On different ways of filling a vector

Question

I can think of three ways of filling a std::vector

Suppose we have

vector<int> v(100, 0);

Then I want it to hold (1, 1, 1). We can do:

v.clear();
v.resize(3, 1);

Or

v = vector<int>(3, 1);

And I learned another approach:

vector<int>(3, 1).swap(v); 

First question is: Is any of them the best approach?

Second question: suppose v was declared outside the main function. According to this answer, the memory will be allocated in the data segment. If I use the second or third approach, will the memory be allocated on the stack?

Answer 1

So, here's the differences and I'll let you decide what is best for your situation.

v.clear();
v.resize(3, 1);

In this case we have marked the vector as cleared. It still holds whatever it allocated in order to hold 100 elements (which can be more than the space necessary for 100 elements). Then we added 3 items with value of 1. All this did was increase the size counter and reset 3 values, the underlying memory is still the same size.

v = vector<int>(3, 1);

This does pretty much the same thing except that an extra vector temporary is created and instead of there being intermittent places where the counter is 0 and then 3 with some values, it simple copies the counter size and then does an operation similar to a memcpy to copy over the 3 elements. Size of underlying memory allocated for v is still enough to hold 100 integers.

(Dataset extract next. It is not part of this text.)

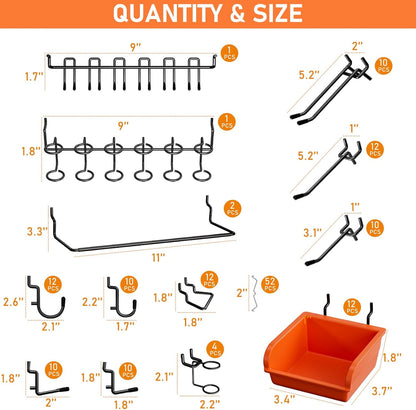 INCLY 48x24 Inch Metal Peg Board Kit with 1/4" Pegboard Hooks Accessories, 4PCS Pegboard Panels and 156PCS Black Pegboard Wall Organizer Tool Storage System for Garage Workbench Shed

vector<int>(3, 1).swap(v); 

This one is significantly different. In this case we create a temporary vector that holds 3 elements that are all initialized to 1. Theoretically it could still have enough memory reserved for 100 elements but the chances are it has much less. Then we swap this vector with our own and let the temporary get destroyed. This has the added benefit of clearing out any extra memory allocated by our old vector that wasn't in the temporary. The way this works is that the two vectors (our v and the temporary) swap more than just counters and values, they also swap buffer pointers.

This is the only way to shrink a vector.

Answer 2

How about you use the member of vector that is there for this task?

std::vector<int> v(100);
v.assign(3, 1); // this is what you should do.

Answer 3

To answer the second question first: vector will always dynamically allocate the memory for the objects it contains, so it will end up on the heap.

As to which method of reassigning is better, I'd say your first or second method make your intent most clear, and that's the most important attribute.

Answer 4

Swapping will effectively shrink the vector to 3 elements. The other ones will likely not.

vector<int> v(100);
v.assign(3, 1);
assert(v.size() == 3);
assert(v.capacity() != 3);

v = vector<int>(3, 1);
// Now, v.capacity() is likely not to be 3.

vector<int>(3, 1).swap(v);
assert(v.capacity() == 3);

The other approaches won't resize the vector internally. It still will occupy 100 * sizeof(int) bytes in memory, even if the size() member returns 3. Try displaying v.capacity() to convince yourself.

Answer 5

One issue, not mentioned in previous posts, is important in choosing among these alternatives. Namely, exception safety. The vector<int>(3, 1).swap(v); has strong exception safety guarantee. The form v = vector<int>(3, 1); might also offer such guarantee if assignment implemented in terms of swap. The first alternative is not safe: v.clear(); v.resize(3, 1);